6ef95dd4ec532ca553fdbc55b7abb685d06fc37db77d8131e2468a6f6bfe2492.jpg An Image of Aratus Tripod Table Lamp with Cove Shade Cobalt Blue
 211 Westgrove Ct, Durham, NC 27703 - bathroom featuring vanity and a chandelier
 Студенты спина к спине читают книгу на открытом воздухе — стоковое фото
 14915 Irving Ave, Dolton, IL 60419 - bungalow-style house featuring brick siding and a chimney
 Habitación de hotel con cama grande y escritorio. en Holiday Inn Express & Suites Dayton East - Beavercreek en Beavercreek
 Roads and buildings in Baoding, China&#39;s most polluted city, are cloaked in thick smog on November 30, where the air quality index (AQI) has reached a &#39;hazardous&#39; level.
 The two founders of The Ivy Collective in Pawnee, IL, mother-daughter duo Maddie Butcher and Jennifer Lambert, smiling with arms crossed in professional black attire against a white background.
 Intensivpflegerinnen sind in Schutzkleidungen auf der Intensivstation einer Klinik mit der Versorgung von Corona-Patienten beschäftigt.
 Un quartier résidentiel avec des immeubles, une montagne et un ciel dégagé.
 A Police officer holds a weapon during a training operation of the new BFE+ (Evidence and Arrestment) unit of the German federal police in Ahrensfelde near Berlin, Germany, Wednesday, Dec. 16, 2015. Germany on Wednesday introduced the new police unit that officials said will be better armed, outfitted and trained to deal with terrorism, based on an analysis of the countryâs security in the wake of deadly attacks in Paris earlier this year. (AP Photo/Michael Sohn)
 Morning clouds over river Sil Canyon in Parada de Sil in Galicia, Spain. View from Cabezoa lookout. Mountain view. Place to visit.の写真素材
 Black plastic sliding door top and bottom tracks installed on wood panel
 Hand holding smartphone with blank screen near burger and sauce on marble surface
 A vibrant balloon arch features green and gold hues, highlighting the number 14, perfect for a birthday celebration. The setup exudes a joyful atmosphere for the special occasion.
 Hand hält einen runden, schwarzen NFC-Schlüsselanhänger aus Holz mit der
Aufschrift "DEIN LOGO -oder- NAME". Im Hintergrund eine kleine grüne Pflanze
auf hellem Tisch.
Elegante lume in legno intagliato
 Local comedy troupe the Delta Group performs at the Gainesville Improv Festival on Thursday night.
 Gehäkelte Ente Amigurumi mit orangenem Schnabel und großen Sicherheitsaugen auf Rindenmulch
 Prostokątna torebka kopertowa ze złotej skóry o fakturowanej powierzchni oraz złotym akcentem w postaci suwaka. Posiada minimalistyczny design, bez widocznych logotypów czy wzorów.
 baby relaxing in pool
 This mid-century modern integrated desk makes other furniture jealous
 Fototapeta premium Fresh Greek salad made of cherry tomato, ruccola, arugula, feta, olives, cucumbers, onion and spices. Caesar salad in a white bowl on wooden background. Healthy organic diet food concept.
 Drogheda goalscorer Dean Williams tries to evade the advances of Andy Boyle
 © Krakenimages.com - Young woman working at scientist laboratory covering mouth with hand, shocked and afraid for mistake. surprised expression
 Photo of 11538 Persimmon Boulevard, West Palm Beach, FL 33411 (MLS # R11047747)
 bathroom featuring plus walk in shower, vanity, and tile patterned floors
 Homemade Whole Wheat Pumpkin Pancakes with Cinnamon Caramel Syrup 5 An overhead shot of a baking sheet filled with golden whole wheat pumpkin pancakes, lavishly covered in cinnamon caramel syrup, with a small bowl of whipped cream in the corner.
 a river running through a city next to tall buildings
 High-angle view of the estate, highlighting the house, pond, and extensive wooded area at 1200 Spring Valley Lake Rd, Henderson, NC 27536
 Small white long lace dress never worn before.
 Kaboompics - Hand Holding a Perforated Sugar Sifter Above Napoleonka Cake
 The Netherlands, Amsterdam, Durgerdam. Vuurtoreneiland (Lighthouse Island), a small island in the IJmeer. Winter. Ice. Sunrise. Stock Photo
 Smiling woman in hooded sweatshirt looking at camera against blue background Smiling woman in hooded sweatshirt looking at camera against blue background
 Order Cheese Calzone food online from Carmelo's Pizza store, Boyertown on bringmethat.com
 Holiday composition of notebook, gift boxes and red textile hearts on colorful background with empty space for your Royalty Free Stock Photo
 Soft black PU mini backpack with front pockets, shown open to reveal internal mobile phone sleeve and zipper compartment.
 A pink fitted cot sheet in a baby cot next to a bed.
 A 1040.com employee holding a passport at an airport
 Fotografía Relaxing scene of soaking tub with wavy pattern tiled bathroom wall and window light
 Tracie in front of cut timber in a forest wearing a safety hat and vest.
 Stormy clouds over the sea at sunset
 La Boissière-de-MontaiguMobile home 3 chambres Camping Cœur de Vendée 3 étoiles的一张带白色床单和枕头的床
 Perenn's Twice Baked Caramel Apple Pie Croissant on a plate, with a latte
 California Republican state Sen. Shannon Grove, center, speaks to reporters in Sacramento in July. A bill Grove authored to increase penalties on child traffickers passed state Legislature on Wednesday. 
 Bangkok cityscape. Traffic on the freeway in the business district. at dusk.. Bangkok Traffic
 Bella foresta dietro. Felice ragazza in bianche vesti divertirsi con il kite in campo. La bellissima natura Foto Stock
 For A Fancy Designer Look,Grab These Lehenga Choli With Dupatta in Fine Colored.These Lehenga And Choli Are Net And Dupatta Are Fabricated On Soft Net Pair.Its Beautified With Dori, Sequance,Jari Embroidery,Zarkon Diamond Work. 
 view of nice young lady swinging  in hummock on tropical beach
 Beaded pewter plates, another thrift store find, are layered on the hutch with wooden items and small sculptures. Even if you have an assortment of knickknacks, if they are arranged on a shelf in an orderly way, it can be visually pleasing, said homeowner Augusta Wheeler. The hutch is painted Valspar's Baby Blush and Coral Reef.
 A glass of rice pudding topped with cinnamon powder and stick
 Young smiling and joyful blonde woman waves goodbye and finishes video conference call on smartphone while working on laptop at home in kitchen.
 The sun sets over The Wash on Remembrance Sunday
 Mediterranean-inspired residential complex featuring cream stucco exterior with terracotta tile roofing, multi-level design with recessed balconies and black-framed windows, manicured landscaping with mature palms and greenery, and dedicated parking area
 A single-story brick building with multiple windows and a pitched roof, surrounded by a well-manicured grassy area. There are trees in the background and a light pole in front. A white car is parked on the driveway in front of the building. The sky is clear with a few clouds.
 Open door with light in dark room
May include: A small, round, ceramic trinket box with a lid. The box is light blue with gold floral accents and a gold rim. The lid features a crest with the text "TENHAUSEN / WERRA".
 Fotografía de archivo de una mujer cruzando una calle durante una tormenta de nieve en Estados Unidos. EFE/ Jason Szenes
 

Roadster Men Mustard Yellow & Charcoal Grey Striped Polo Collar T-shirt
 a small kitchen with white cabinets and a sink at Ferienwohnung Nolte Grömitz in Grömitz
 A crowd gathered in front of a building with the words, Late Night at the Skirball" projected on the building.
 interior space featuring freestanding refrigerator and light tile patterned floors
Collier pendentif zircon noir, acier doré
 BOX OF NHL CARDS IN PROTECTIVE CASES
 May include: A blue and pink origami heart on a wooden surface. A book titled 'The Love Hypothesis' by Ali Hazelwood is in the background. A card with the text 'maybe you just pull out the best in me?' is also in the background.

**Task requirements:** In the records above, find the line containing "211 Westgrove Ct, Durham, NC" and restate word for word every line from the first through that one.

**Written solution:**
6ef95dd4ec532ca553fdbc55b7abb685d06fc37db77d8131e2468a6f6bfe2492.jpg An Image of Aratus Tripod Table Lamp with Cove Shade Cobalt Blue
 211 Westgrove Ct, Durham, NC 27703 - bathroom featuring vanity and a chandelier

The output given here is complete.